# Kullback–Leibler Divergence

[Count Bayesie](https://www.countbayesie.com/blog/2017/5/9/kullback-leibler-divergence-explained) gives an excellent explanation and example of Kullback-Leibler Divergence for the interested reader. Count Bayesie explains Kullback-Leibler Divergence, *KL divergence,*  as a measure of how much information is lost when using an approximation. KL Divergence is therefore every important for machine learning as all models fitted are approximations of the true underlying relationship between the features and target variables.

### Entropy

Before explaining KL divergence, a short recap of entropy might be needed. Remember,  entropy is a measure of how much information is gained in observing the outcome of a random variable. The entropy for a random variable X is defined as:

$$
H(X) =-\sum\_iP(x\_i)log P(x\_i)
$$

### Kullback-Leibler Divergence

Kullback-Leibler divergence is a modification of the entropy formula

$$
KL(P||Q)=\sum\_{x\in\chi}P(x)log\frac{P(X)}{Q(X)}
$$

Note, assuming P is the reference distribution that this is the expected log-difference between the reference and approximation:

$$
KL(P||Q)=E\_p\[log P(x)-logQ(x)]
$$

which by the linearity of expectation can be written as

$$
KL(P||Q)=E\_p\[log P(x)]-E\_p\[logQ(x)]
$$

If P, i.e. the reference or *true* distribution, is known the KL divergence is useful to select the best representative approximation Q. Sadly, in machine learning the real distribution is rarely known.

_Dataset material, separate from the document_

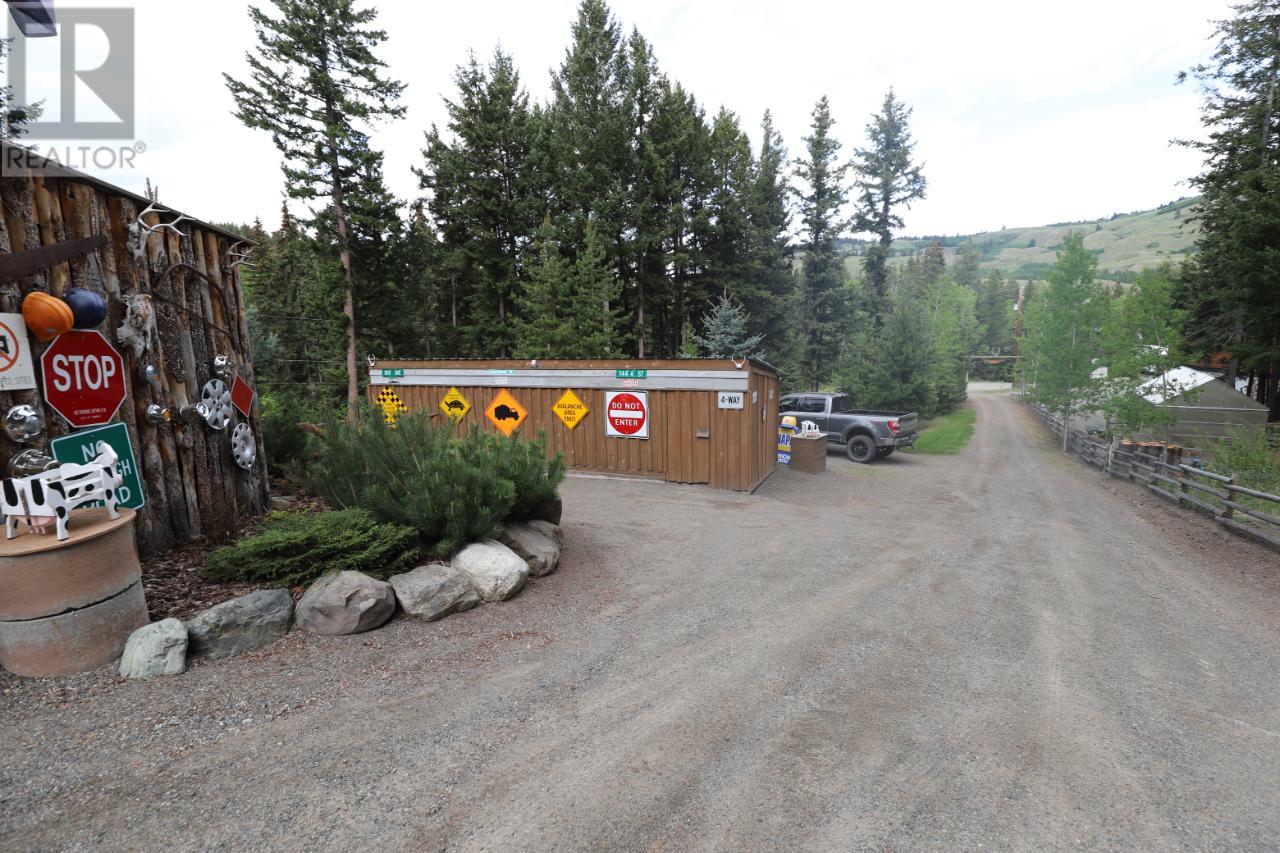 4472 Iron Mountain Road, Merritt, British Columbia  V1K 1B8 - Photo 15 - 177729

The KL divergence can be rewritten to compare two different approximations directly:

$$
KL(P||Q\_0)-KL(P||Q\_1)=E\_p\[log Q\_0(x)]-E\_p\[logQ\_1(x)]
$$

Removing the expectation with the original distributions term. However, the expected value is still with respect to the original distribution P. In the next section AIC is introduced as an approximation that can be used without knowing P.


---

# Agent Instructions: Querying This Documentation

If you need additional information that is not directly available in this page, you can query the documentation dynamically by asking a question.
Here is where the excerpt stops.